I need to recode a factor variable with almost 90 levels. It is trait names from database which I then need to pivot to get the dataset for analysis. Is there a way to do it automatically without typing each OldName=NewName?
This is how I do it with dplyr for fewer levels:
df$TraitName <- recode_factor(df$TraitName, 'Old Name' = "new.name")
My idea was to use a key dataframe with a column of old names and corresponding new names but I cannot figure out how to feed it to recode
CodePudding user response:
One way would be a lookup table, a join, and coalesce
(to get the first non-NA value:
my_data <- data.frame(letters = letters[1:6])

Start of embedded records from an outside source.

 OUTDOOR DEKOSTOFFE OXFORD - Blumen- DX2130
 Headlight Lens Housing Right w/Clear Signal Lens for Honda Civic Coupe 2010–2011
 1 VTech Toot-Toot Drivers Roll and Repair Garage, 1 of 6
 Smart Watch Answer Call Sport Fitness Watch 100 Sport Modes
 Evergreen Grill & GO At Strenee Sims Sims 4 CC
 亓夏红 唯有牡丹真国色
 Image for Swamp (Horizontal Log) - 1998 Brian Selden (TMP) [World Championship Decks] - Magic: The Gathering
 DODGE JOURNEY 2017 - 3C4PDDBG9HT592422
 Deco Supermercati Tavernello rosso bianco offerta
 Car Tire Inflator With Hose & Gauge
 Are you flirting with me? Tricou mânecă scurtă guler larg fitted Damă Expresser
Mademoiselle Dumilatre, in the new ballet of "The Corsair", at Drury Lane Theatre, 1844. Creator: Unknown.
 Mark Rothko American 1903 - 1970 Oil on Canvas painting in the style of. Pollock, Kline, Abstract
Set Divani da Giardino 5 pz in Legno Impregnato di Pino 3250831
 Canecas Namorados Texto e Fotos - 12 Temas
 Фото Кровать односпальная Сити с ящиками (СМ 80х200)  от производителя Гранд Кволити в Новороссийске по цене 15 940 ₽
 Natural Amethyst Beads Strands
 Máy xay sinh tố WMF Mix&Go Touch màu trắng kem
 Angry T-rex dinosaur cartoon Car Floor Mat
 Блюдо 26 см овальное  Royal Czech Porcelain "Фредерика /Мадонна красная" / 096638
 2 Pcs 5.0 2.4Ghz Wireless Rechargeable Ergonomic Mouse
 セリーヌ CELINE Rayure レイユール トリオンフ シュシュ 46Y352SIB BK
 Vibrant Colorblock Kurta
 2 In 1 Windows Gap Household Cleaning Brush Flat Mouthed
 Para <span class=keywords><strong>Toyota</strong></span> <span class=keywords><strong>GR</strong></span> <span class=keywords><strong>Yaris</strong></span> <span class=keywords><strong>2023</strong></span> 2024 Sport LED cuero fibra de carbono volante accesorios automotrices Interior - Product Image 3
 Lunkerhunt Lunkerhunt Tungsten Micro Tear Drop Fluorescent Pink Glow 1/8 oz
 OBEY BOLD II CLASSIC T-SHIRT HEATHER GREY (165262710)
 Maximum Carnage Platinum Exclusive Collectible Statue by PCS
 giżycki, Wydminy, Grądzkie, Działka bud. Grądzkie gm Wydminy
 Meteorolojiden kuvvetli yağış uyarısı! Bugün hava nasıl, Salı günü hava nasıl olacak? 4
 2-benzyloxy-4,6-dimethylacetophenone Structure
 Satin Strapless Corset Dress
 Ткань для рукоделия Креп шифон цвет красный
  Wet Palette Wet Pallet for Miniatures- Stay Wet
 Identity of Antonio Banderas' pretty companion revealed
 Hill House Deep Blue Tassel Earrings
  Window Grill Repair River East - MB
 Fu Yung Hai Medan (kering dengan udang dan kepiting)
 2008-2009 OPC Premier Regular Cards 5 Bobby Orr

levels_to_change <- data.frame(letters = letters[4:5],
new_letters = LETTERS[4:5])
library(dplyr)
my_data %>%
left_join(levels_to_change) %>%
mutate(new = coalesce(new_letters, letters))
Result
Joining, by = "letters"
letters new_letters new
1 a <NA> a
2 b <NA> b
3 c <NA> c
4 d D D
5 e E E
6 f <NA> f
CodePudding user response:
You could quite easily create a named vector from your lookup table and pass that to recode using splicing. It might as well be faster than a join.
library(tidyverse)
# test data
df <- tibble(TraitName = c("a", "b", "c"))
# Make a lookup table with your own data
# Youll bind your two columns instead here
# youll want to keep column order to deframe it.
# column names doesnt matter.
lookup <- tibble(old = c("a", "b", "c"), new = c("aa", "bb", "cc"))
# Convert to named vector and splice it within the recode
df <-
df |>
mutate(TraitNameRecode = recode_factor(TraitName, !!!deframe(lookup)))